▶ Data extract:

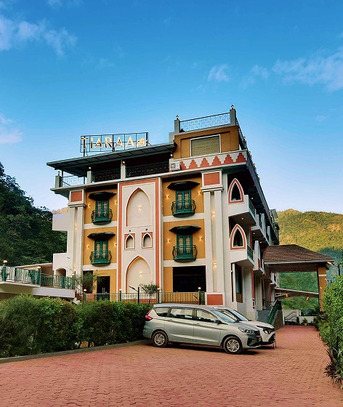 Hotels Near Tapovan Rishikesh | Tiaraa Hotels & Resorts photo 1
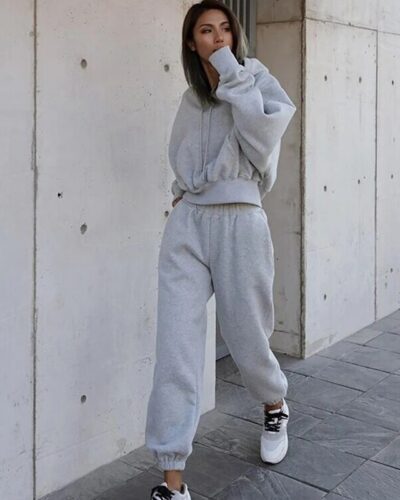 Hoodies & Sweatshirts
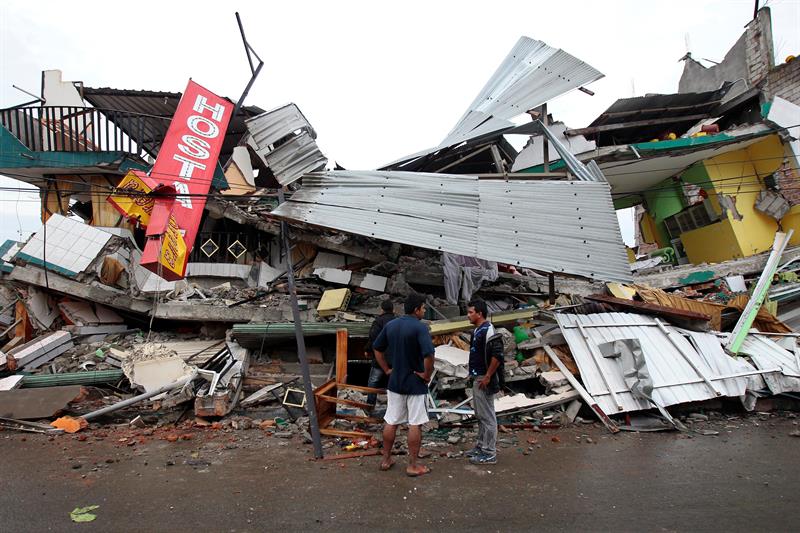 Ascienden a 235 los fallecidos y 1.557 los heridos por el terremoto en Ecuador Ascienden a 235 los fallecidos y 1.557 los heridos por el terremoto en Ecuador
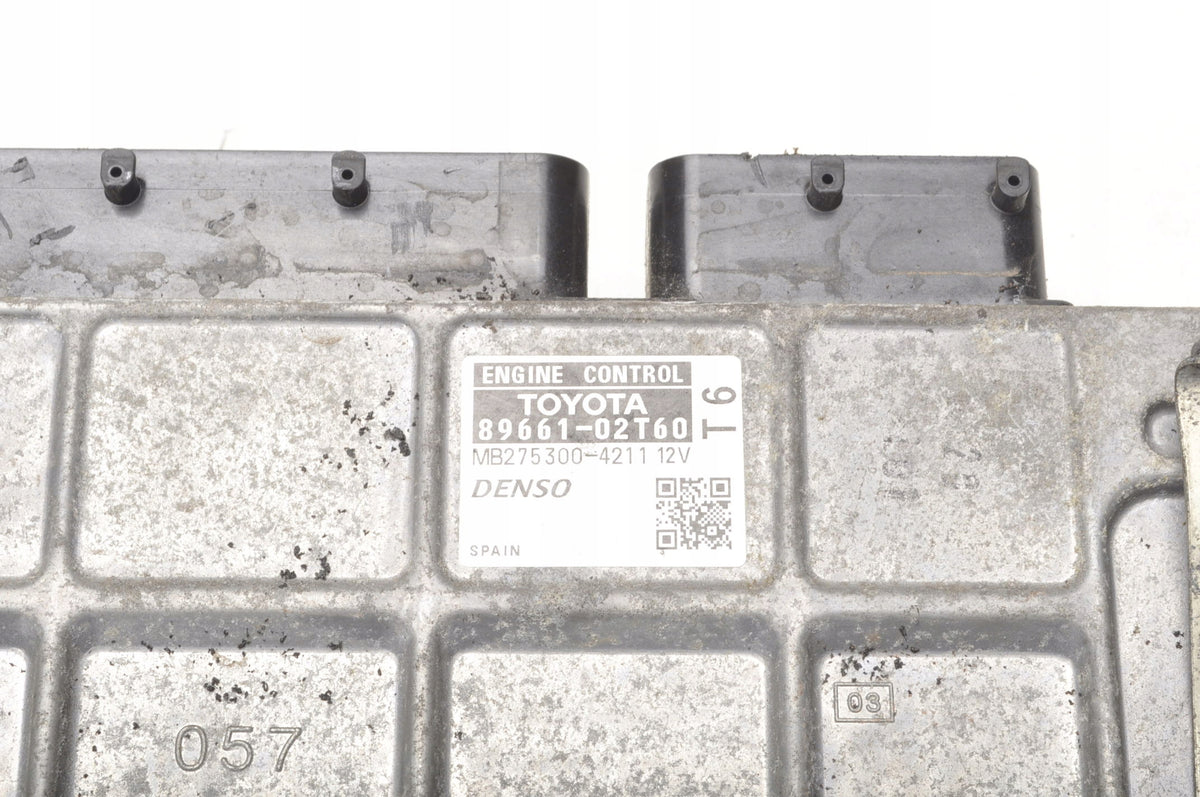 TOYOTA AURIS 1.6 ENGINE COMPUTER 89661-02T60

▶ Exercise objective: Lines before the one containing "Hoodies & Sweatshirts" are not wanted; write out that line and every later line through the end of the data above, exactly, without pictures.

▶ Response to the task:
 Hoodies & Sweatshirts
 Ascienden a 235 los fallecidos y 1.557 los heridos por el terremoto en Ecuador Ascienden a 235 los fallecidos y 1.557 los heridos por el terremoto en Ecuador
 TOYOTA AURIS 1.6 ENGINE COMPUTER 89661-02T60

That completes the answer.